» **YOUR ASSIGNMENT**
Anywhere the string "start" shows up in the listing below, copy the line it is in.

_ _ _

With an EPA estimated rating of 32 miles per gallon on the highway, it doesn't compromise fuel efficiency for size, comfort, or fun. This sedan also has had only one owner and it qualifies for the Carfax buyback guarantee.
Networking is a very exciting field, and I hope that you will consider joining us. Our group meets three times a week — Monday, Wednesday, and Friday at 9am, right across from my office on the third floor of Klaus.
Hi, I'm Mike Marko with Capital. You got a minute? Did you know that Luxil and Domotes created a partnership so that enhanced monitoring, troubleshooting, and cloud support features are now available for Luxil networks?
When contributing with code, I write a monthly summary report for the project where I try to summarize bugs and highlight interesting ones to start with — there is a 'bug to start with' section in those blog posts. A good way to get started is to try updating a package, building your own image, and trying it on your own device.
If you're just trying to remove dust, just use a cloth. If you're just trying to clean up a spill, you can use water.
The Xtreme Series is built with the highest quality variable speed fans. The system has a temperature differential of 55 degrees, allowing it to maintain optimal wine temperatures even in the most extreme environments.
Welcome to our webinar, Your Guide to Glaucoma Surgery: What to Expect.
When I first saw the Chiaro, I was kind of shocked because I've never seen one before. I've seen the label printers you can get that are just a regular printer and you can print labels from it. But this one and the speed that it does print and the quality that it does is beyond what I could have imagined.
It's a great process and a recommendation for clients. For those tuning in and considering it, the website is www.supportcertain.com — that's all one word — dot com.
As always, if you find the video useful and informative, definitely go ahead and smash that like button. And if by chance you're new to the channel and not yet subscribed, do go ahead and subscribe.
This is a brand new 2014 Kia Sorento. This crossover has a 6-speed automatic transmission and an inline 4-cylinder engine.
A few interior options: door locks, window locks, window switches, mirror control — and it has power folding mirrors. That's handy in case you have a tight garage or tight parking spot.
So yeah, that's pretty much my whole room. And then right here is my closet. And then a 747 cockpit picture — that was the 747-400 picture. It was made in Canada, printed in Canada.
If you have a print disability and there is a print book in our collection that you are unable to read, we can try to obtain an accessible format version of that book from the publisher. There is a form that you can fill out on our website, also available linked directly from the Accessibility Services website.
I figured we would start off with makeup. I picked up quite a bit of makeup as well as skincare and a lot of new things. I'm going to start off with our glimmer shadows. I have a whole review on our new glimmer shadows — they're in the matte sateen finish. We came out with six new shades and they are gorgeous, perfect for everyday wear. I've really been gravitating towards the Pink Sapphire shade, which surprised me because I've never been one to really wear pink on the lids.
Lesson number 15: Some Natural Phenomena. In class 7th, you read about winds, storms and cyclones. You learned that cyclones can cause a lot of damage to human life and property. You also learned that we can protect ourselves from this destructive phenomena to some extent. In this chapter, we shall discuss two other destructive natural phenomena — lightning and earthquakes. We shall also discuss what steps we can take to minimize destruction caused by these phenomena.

_ _ _

» **WRITTEN SOLUTION**
When contributing with code, I write a monthly summary report for the project where I try to summarize bugs and highlight interesting ones to start with — there is a 'bug to start with' section in those blog posts. A good way to get started is to try updating a package, building your own image, and trying it on your own device.
I figured we would start off with makeup. I picked up quite a bit of makeup as well as skincare and a lot of new things. I'm going to start off with our glimmer shadows. I have a whole review on our new glimmer shadows — they're in the matte sateen finish. We came out with six new shades and they are gorgeous, perfect for everyday wear. I've really been gravitating towards the Pink Sapphire shade, which surprised me because I've never been one to really wear pink on the lids.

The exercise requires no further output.